Elsewhere, Virginia Gov. Ralph Northam rejected a personal appeal from Secretary of Defense Mark Esper on Monday to send thousands of the state’s National Guard members to Washington D.C., the governor’s office said. Gov. Northam said he was concerned that the Trump administration would misuse the troops to escalate tensions.

“I am not going to send our men and women in uniform — a very proud National Guard — to Washington for a photo op,” Gov. Northam said, referencing an incident Monday when police used tear gas to clear peaceful demonstrators from a park near the White House so President Trump could walk to a nearby church and pose with a Bible.

President Trump has declared himself to be the “president of law and order” and has vowed to deploy the U.S. military to America’s own cities to quell a rise of violent protests, including ransacking stores and burning police cars.

Mr. Floyd died last week after a white police officer pressed his knee into his neck for several minutes even after he stopped moving and pleading for air.

New York Gov. Andrew Cuomo said Tuesday he was unaware of any request to send New York’s Guard to Washington but said he wouldn’t have granted such a request because they are needed at home. Richard Azzopardi, a senior adviser to the governor, said 200 New York National Guard troops were requested and the decision to deny the request was made at an agency level that did not directly involve Cuomo.

Trump has been particularly critical of how officials have handled looting and violence in New York City.

“NYC, CALL UP THE NATIONAL GUARD. The lowlifes and losers are ripping you apart,” Trump tweeted Tuesday.

Pennsylvania Gov. Tom Wolf was also asked to send troops but said he is still evaluating the Trump administration’s request.

“The National Guard currently has significant resources deployed across Pennsylvania. Their current priority is assisting commonwealth municipalities in their response to de-escalate violence and keep our communities safe,” said Wolf spokeswoman Lyndsay Kensinger.

Other governors have been more receptive.

Gen. Joseph Lengyel, chief of the National Guard Bureau, said almost 1,500 guardsmen were coming to Washington on Tuesday from several states and more were expected Wednesday.

New Jersey Gov. Phil Murphy said his state’s troops were sent “explicitly to protect federal buildings and federal monuments.” Murphy is the only Democratic governor who has sent troops so far.

Maryland Gov. Larry Hogan is sending 116 members of the National Guard to be stationed on the National Mall. Hogan spokesman Michael Ricci said they will be used in support of the D.C. National Guard and the U.S. Capitol Police and “are not there in any law enforcement capacity.”

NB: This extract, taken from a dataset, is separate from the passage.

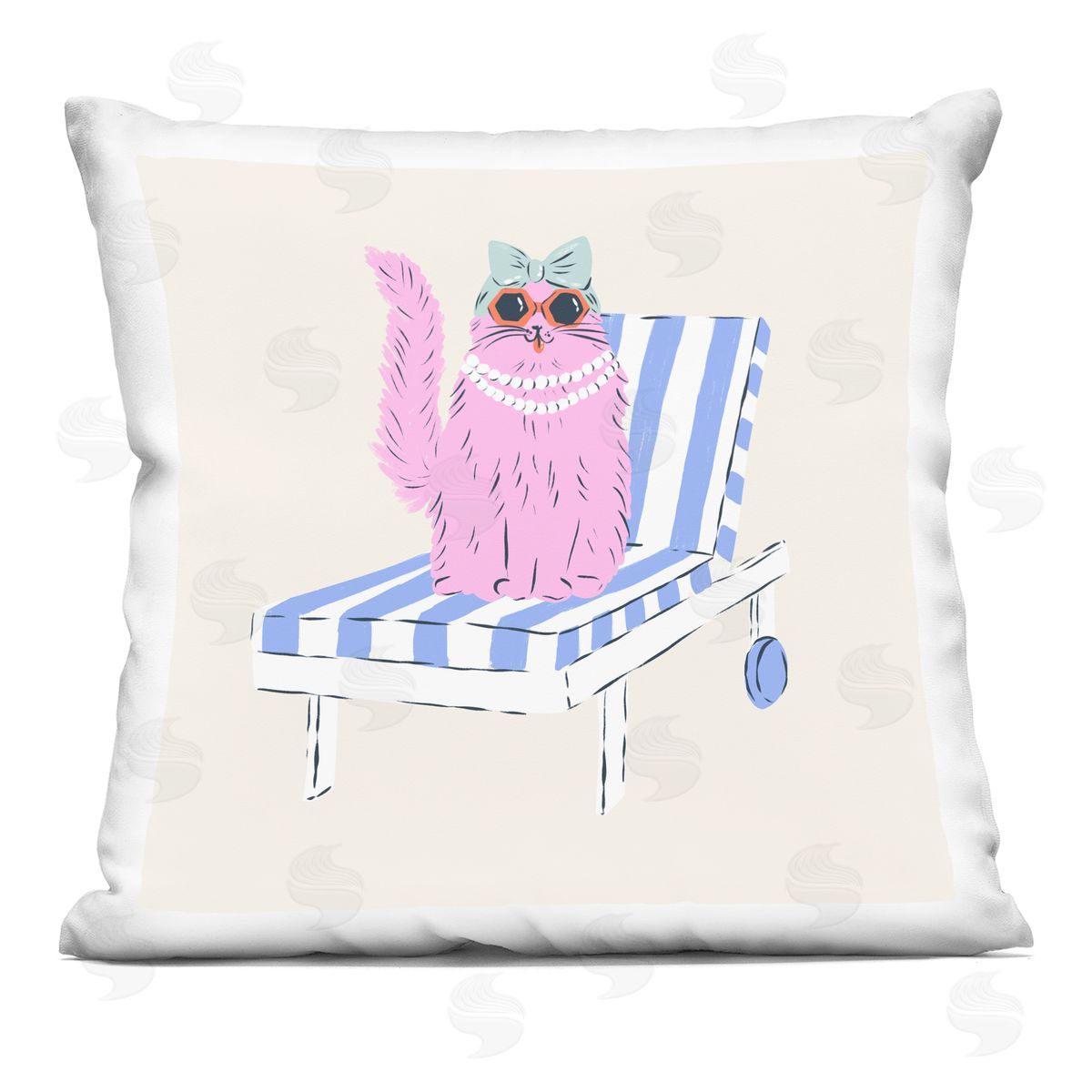 Krissy Mast Pink Cat Lounge Chair Plush Polyester Art Print Pillow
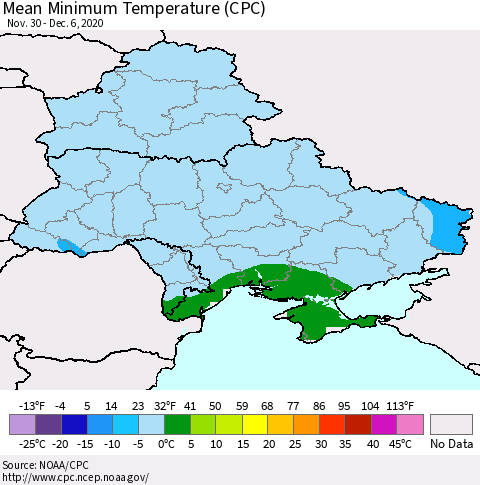 Ukraine, Moldova and Belarus Minimum Temperature (CPC) Thematic Map For 11/30/2020 - 12/6/2020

Tennessee said it is sending 1,000 troops that should be on the ground no later than Saturday. Utah is sending approximately 200 National Guard troops. And about 445 Guardsmen left South Carolina on Tuesday afternoon bound for Washington, where the duration of their deployment was undetermined.

“When the South Carolina National Guard is activated, we are prepared to respond as long as needed,” Capt. Jessica Donnelly told The Associated Press.

The Associated Press contributed to this story.